さて現在はというと、海外での長期滞在、海外移住のニーズは静かに、着実に高まってきている。以前ほどの爆発的なブームではないが、これは不況を経験した日本人がいくらか冷静さを身に着けたからだろう。海外生活をテーマにした書籍もいくつか出版され、「ロングステイ財団」などの研究組織が主催するセミナーも活気を帯びてきている。最近の傾向としては、ハワイ、オーストラリア、ニュージーランド、カナダなどの英語圏に加えて、タイ、マレーシアなどの東南アジアの国々に人気が集まってきている。一方、当初渡航先として注目されたスペインなどは気候は快適だが、東南アジアよりは生活コストが掛かること、英語が必ずしも充分に通用しない、などの理由で実際には現地にゆかりのある日本人(駐在員など)を除けばそれほど人気はないようだ。

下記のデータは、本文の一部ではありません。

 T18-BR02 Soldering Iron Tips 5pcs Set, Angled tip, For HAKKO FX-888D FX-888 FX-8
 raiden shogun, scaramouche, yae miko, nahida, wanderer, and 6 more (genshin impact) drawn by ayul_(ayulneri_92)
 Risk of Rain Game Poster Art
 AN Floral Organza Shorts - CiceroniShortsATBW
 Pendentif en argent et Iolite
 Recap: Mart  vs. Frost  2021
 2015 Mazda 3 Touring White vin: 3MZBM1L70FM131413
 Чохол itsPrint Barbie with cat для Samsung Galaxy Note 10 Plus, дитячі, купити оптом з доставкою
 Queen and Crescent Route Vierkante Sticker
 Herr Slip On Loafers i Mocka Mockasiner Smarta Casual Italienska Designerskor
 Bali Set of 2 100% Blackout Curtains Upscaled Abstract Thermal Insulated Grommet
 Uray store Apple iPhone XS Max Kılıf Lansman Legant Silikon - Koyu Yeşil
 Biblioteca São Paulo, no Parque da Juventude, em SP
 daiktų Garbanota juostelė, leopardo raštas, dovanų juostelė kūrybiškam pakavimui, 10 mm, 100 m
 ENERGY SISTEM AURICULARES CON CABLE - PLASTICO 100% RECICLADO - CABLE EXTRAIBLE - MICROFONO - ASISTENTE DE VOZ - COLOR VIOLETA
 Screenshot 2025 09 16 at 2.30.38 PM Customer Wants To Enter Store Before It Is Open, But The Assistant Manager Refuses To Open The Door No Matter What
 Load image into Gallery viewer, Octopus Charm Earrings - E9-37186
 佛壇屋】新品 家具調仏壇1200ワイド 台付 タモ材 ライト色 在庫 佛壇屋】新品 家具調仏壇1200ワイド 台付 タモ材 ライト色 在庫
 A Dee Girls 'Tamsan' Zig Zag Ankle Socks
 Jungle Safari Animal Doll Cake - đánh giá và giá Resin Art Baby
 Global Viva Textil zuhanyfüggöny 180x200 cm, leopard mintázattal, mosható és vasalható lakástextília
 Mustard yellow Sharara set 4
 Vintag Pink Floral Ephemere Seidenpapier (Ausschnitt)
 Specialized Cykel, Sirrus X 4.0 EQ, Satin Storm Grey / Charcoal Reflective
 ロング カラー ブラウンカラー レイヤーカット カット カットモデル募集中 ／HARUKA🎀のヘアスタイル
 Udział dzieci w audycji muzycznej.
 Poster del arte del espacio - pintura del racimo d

先日、一緒に仕事をしている広島のFP会社ライフアンドマネークリニックが主催した「ロングステイセミナー入門講座「タイ」編」に参加させてもらった。講師をされた広島タイ交流協会の岩谷さんにいろいろ伺ったところ、意外な現状が分かった。


特に気になる生活コストだが、一部で言われているような「月12万円以内、年金だけでご夫婦ゆったりと快適に過ごせます」といった広告案内は決して正確ではなく、むしろ大きく現実と乖離しているらしい。確かにタイは治安も比較的良く、安全で、医療施設なども素晴らしく、環境面でも全く不便はないのだが、せいぜい首都のバンコク、北部のチェンマイ、南部のホワヒンくらいがロングステイに適しているくらいで、特に都市部での生活コストは快適さを求めれば日本より生活コストは高い。それと気候は「一年を通して温暖である」と広告案内にはあるが実際はとても暑く、比較的温暖といえるのは12~1月くらいである。それと英語はそれなりの階層の人を除けば、まず通用しないので、現地のコミュニティに溶け込むためにはある程度のタイ語の習得は必須である。もちろん日本人コミュニティはあることにはあるが、前述したとおりそれだけでは(国際人として)寂しいものがある。


それでも海外ロングステイの魅力はある。やはり日本では決して体感できない時間の流れ、空気、環境、異文化との触れ合い等であろう。私も将来は異国の地でゆったりと執筆活動をしたいと思っている。今後日本人が第二の人生を如何に有意義に過ごすか、というテーマはますます大きなものになります。そして海外ロングステイは選択肢の一つとして定着していくことでしょう。